It's the second largest gold producing state in the U.S., has a well-established permitting and regulatory regime, and it contributes significantly to the economy in Alaska. They're an area of the country that appreciates a strong, responsible natural resources industry. You know, underneath Donlin are two Alaska Native corporations. Calista owns the mineral rights and TKC owns the surface rights. This is private land that was dedicated for mining under the Native Claim Settlement Act. The government transferred these mineral rights and potential to these corporations for their own economic self-determination. They both have a significant owner's interest in seeing the Donlin project go forward. As we mentioned earlier, permitting is substantially completed in the United States. The federal permitting process, or the EIS process, is perhaps the most time-consuming of all the permits to achieve. We've successfully completed that. Our state permitting.

You can see on one side of the page all of the permits that we have in hand. The only permit left to really obtain is the dam safety permit. We've submitted the preliminary design packages on that and have no concern that it won't be in hand well in advance of the feasibility study being completed. At any rate, we do not need that permit in hand to start construction. This highlights really the commitment that we share with the native corporations to environmental stewardship, the health and safety of our people. We're very active in the communities in and around the Donlin site. From a governance point of view, NovaGold's always gotten tremendous marks for board diversity, ethical conduct, and frankly very transparent in all levels of our reporting. Yeah, the management team, we've touched on before.

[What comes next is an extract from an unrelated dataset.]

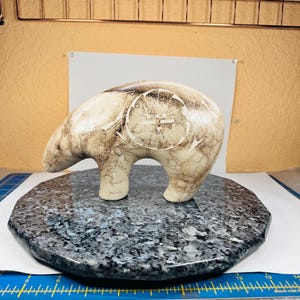 Puede incluir: Una escultura de oso de piedra tallada con un cuerpo color crema y vetas marrones. El oso se encuentra sobre una base de piedra octogonal gris oscuro. La espalda del oso presenta un diseño circular con líneas grabadas.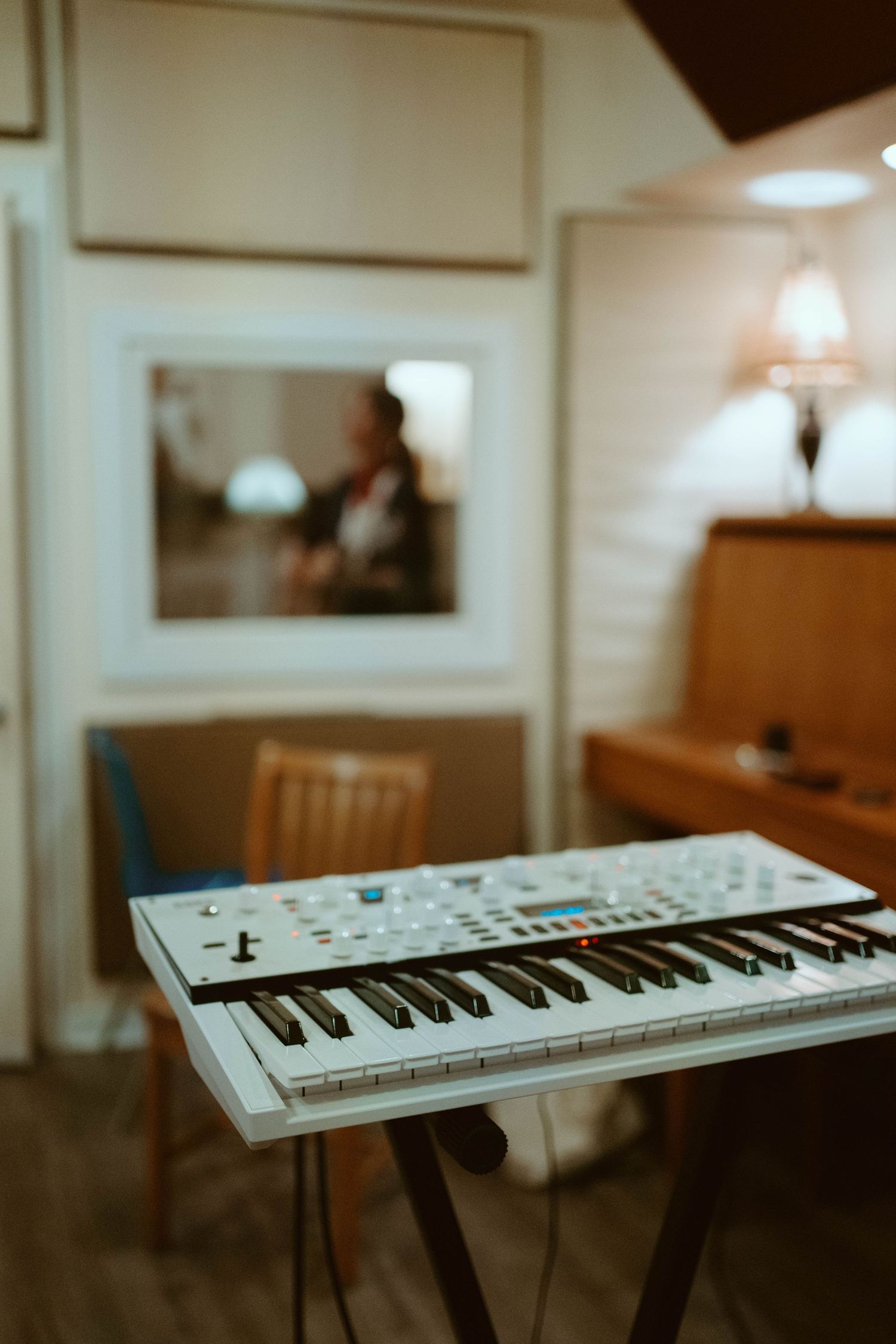 White synthesizer keyboard in foreground with musician visible through studio recording booth window.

Richard Williams, like myself, is a long term Barrick veteran. Richard, during his almost 30 year tenure with Barrick, he led many of the feasibility studies for the refractory plants going back to the Merkur plant, all of the autoclaves at Gold Strike. His last assignment at Barrick was he was the lead project director on the construction of the Pueblo Viejo mine in the Dominican Republic. He led that project through feasibility study, through commissioning and into production. When he was done with that, he joined us. He's really one of the key people in the industry that have experienced building these big assets and he is the ideal guy to lead the next couple years. What we have to do. Peter Adambic, our Chief Financial Officer, joined us from Hudbay. Of course, Melanie's on the line with us and Ben Macklis is our General Counsel.

He's a well-seasoned environmental attorney, formerly a partner at Dorsey & Whitney. Our treasury, now that the dust is settled from our various transactions, our treasury is in great shape. You know, our full year forecast is presented on the slide. We've got once the noisy quarter getting all of the transaction-related material is behind us, our expenditures will settle back down to their very predictable levels of recent years and we will focus on updating the feasibility study. Just, you know, looking at the news flow coming up for us, you know, we're working with Paulson on the Donlin Gold budget. I anticipate that the total budget for Donlin will be, you know, comparable to the $43 million that was approved when Barrick was still on board. We'll shift a lot of the work streams to focus on updating the feasibility study.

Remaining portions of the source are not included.